Ce point de vue est en contradiction avec les faits. En tant que collaborateur du gouvernement américain, j'ai assisté aux sommets de l'OTAN. Il n'y a pas eu d'impulsion pour faire entrer l'Ukraine dans l'OTAN. Même Dmitri Medvedev – alors président de la Russie – a déclaré en 2010 lors du sommet de l'OTAN à Lisbonne: «La menace de l'OTAN est terminée.» La Russie a même coopéré avec l'OTAN. Les faits sont désagréables pour des personnes comme John Mearsheimer – mais ce sont des faits.
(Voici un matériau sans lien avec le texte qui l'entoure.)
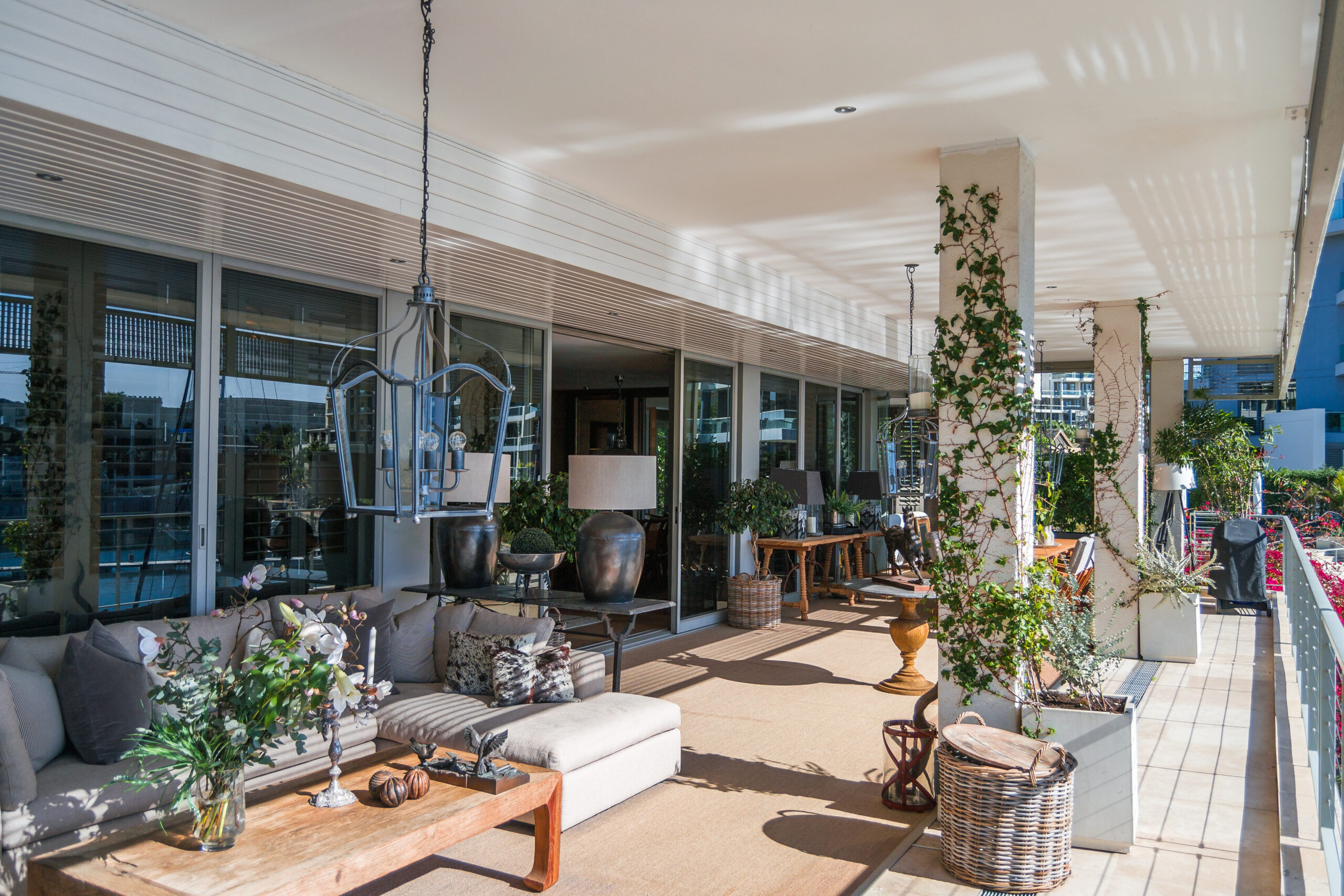 Dogon Group Properties | The Waterfront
Pourquoi John Mearsheimer déformerait-il les faits?
Je ne sais pas, mais ses arguments sont absurdes. Personne n'a forcé Poutine à envahir le pays. De plus, John Mearsheimer n'a pas le meilleur palmarès en matière de prédiction de l'avenir.

Que voulez-vous dire?
Après la chute de l’URSS, il prédisait que l’Europe replongerait dans la guerre – que des pays comme la France ou l’Allemagne s’affronteraient. Il a eu tort. Il a oublié de prendre en compte les régimes politiques. Les démocraties coopèrent mieux que les dictatures.

Or, les relations de l'Europe avec les Etats-Unis se sont détériorées.
Je suis déçu que le président Trump ne s'inquiète pas de l'évolution actuelle. Nous sommes engagés dans une lutte tragique entre autocraties et démocraties. Ce n'est pas seulement une question de territoire, mais de valeurs. Ce sera une bataille à long terme. Et nous ne gagnerons que si toutes les forces libérales et démocratiques se serrent les coudes.